[Brief descriptive captions]
▬▬▬

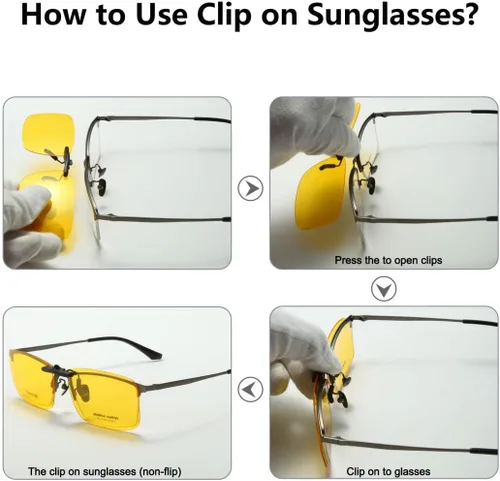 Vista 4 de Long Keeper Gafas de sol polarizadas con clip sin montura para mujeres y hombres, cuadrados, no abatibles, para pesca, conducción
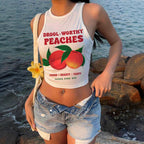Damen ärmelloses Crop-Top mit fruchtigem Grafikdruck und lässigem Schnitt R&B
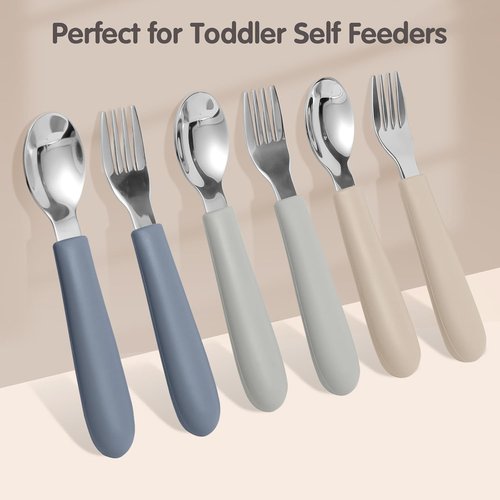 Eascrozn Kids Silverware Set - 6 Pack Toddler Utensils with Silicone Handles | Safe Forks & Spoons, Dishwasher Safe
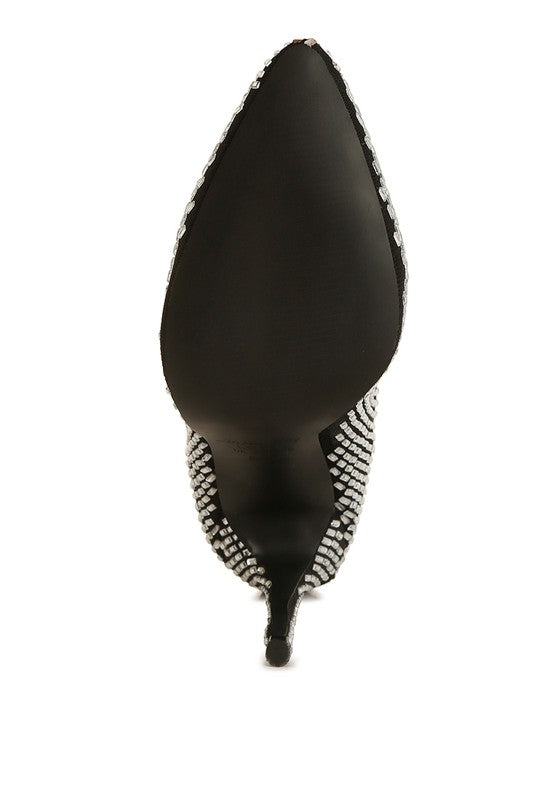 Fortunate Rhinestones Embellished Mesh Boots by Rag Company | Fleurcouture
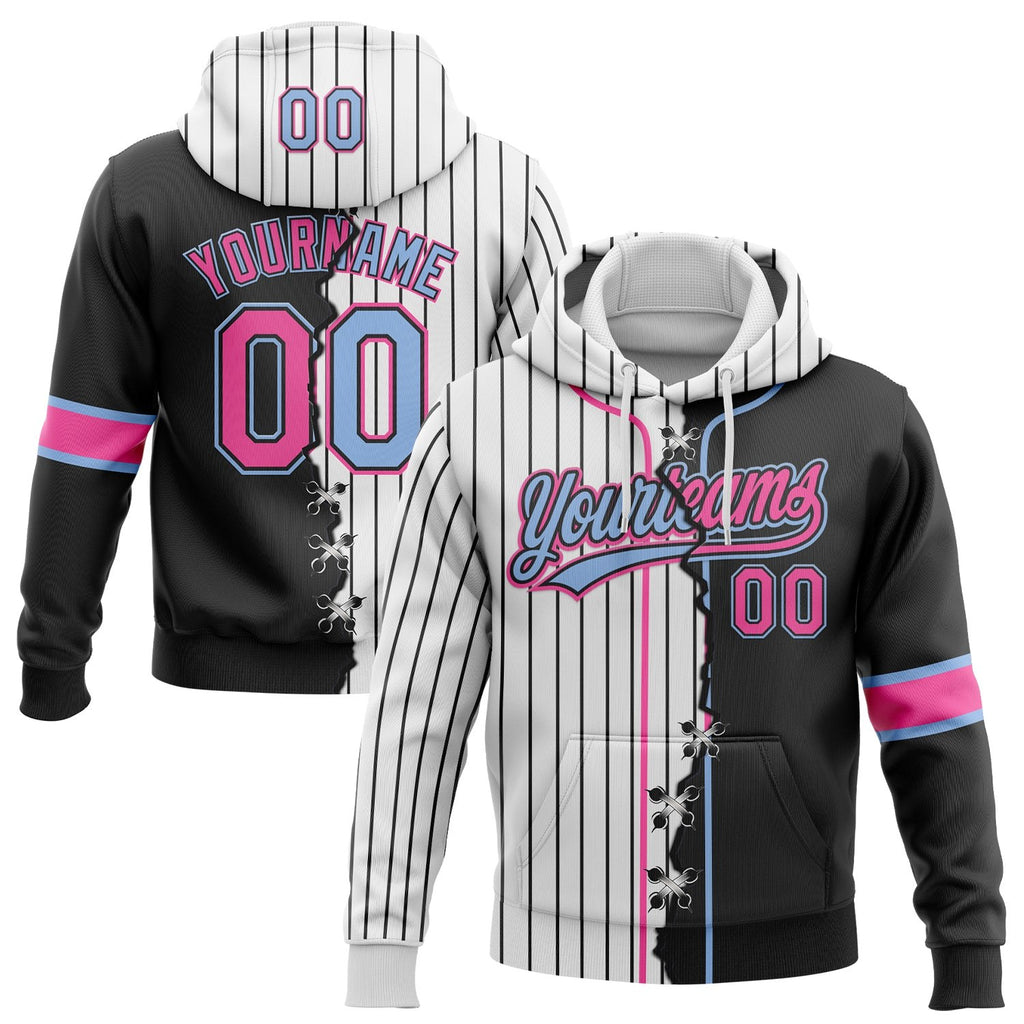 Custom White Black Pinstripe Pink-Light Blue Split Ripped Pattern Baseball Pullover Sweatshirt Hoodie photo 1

▬▬▬

§ HOW TO COMPLETE THIS TASK:
The response must repeat all the lines above exactly and include no pictures.

§ RESULT FOR THIS TASK:
 Vista 4 de Long Keeper Gafas de sol polarizadas con clip sin montura para mujeres y hombres, cuadrados, no abatibles, para pesca, conducción
Damen ärmelloses Crop-Top mit fruchtigem Grafikdruck und lässigem Schnitt R&B
 Eascrozn Kids Silverware Set - 6 Pack Toddler Utensils with Silicone Handles | Safe Forks & Spoons, Dishwasher Safe
 Fortunate Rhinestones Embellished Mesh Boots by Rag Company | Fleurcouture
 Custom White Black Pinstripe Pink-Light Blue Split Ripped Pattern Baseball Pullover Sweatshirt Hoodie photo 1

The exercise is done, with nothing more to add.